WORK TO BE COMPLETED: The full listing is to be transcribed exactly, with each picture left out.

DATASET CONTENT:
+---+

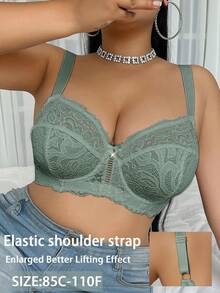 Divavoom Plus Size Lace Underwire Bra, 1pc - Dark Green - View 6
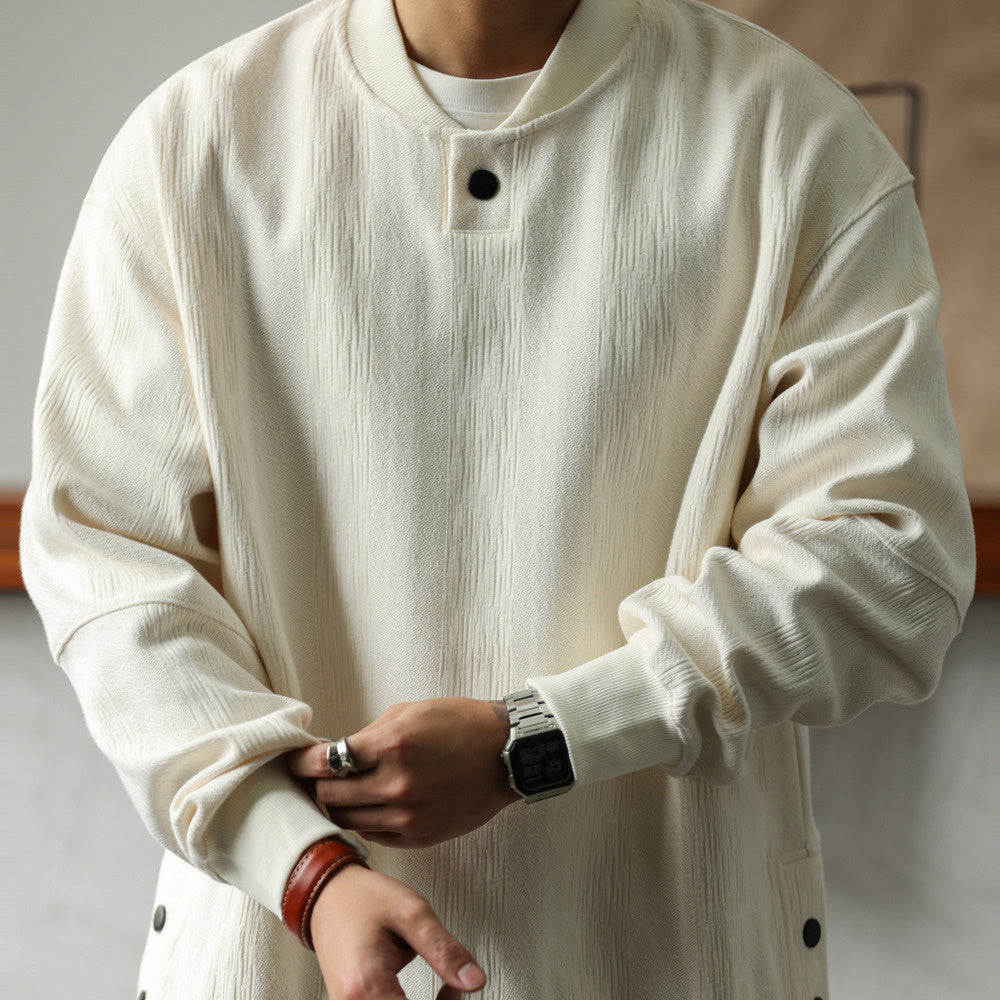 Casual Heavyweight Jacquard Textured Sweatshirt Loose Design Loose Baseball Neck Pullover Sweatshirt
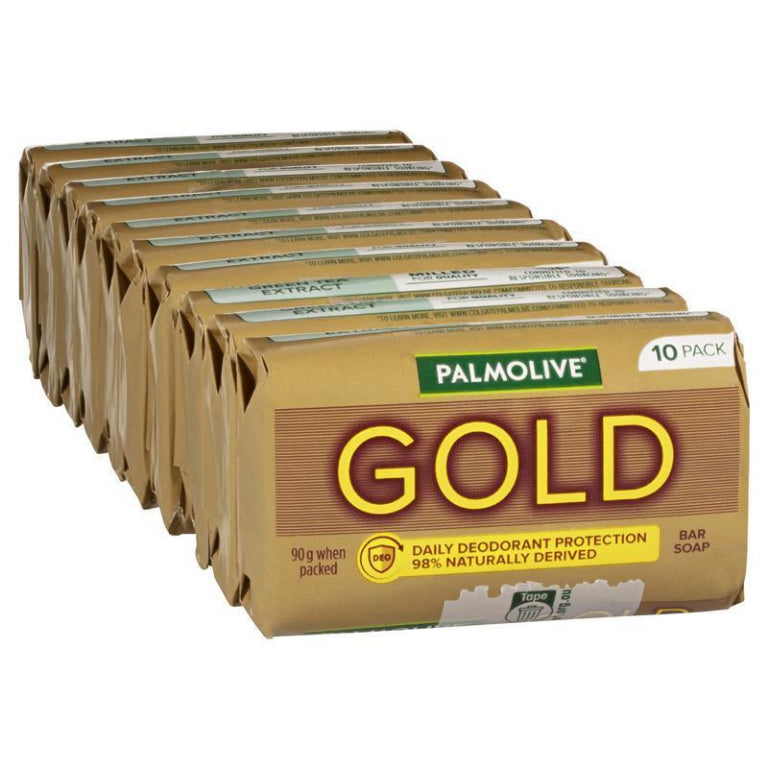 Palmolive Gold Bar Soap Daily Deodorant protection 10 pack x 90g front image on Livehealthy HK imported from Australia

+---+

WRITTEN ANSWER:
 Divavoom Plus Size Lace Underwire Bra, 1pc - Dark Green - View 6
 Casual Heavyweight Jacquard Textured Sweatshirt Loose Design Loose Baseball Neck Pullover Sweatshirt
 Palmolive Gold Bar Soap Daily Deodorant protection 10 pack x 90g front image on Livehealthy HK imported from Australia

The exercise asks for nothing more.